Le cycle du loup-garou a débuté.

samedi 19 septembre 2020

Aquarium - David Vann.

 
Caitlin, douze ans, habite avec sa mère dans un modeste appartement d’une banlieue de Seattle.

Afin d’échapper à la solitude et à la grisaille de sa vie quotidienne, chaque jour, après l’école, elle court à l’aquarium pour se plonger dans les profondeurs du monde marin qui la fascine. 

Là, elle rencontre un vieil homme qui semble partager sa passion pour les poissons et devient peu à peu son confident.

Mais la vie de Caitlin bascule le jour où sa mère découvre cette amitié et lui révèle le terrible secret qui les lie toutes deux à cet homme.







Ce titre faisait partie de ma wish-list avant la mise en place de mon Challenge Océan, mais j'ai pensé que le challenge serait une bonne occasion pour découvrir ce roman qui m'a d'abord attiré par sa couverture ainsi que par le thème de l'aquarium, de la mer et des créatures marines.
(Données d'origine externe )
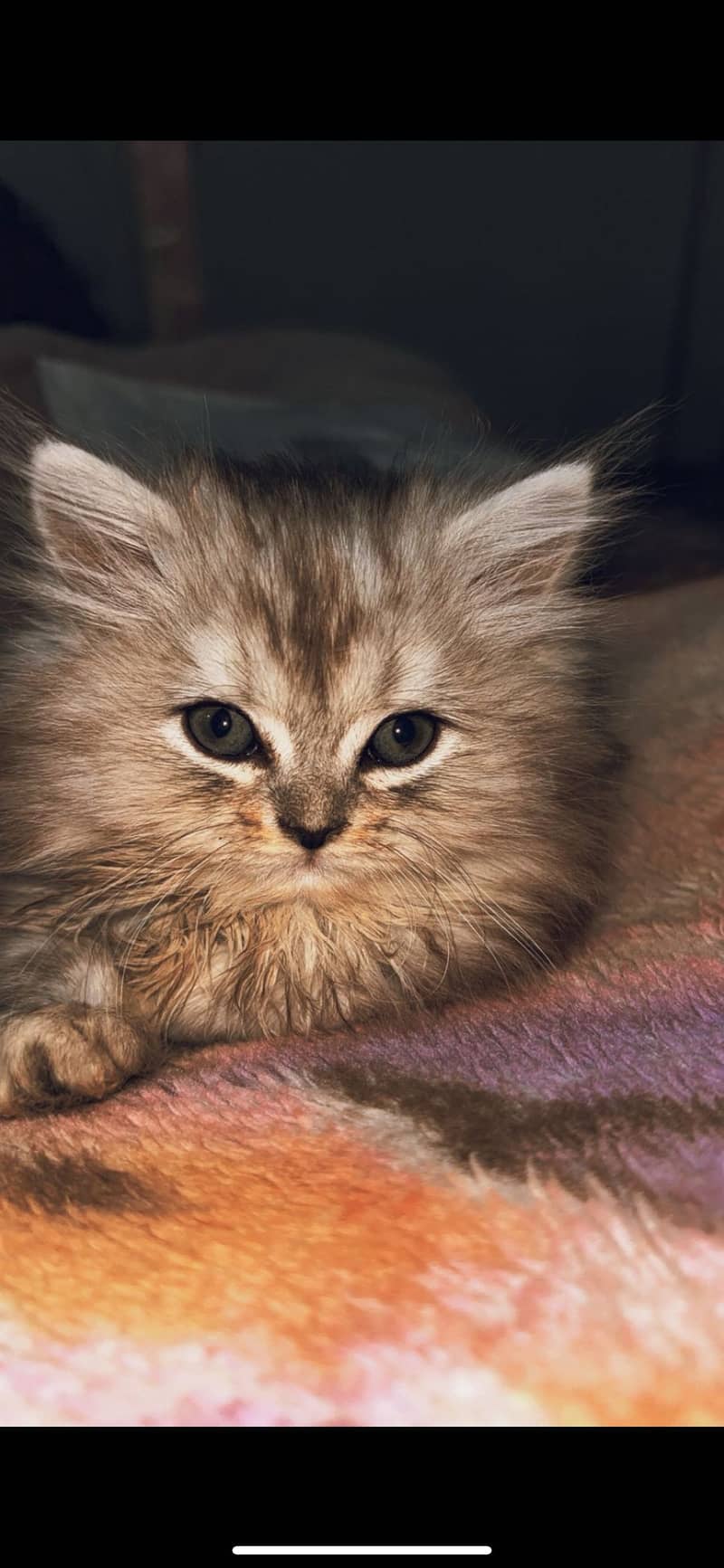 Female Persian Kitten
Je ne m'attendais cependant pas à ce l'aquarium et ses poissons aient une place centrale dans ce roman, juste un décor. À mon agréable surprise, ce ne fut pas le cas.

Caitlin, la protagoniste, est en effet une habituée de l'aquarium qu'elle visite tous les jours de la semaine, excepté le week-end, et elle est très attachée aux poissons qu'elle ne cesse d'admirer. Un point commun qu'elle partage avec le vieil homme qu'elle rencontre à l'aquarium. Progressivement se développe entre eux une jolie relation autour de ces poissons, et bientôt ce ne sont plus seulement les poissons qui poussent Cailin à rejoindre l'aquarium, mais son nouvel ami... puis, lorsque Caitlin dévoile l'existence de son ami à sa mère, tout est chamboulé dans sa vie, car sa mère connaît très bien ce vieil homme, personnage d'un passé qu'elle a tenté de laisser derrière elle...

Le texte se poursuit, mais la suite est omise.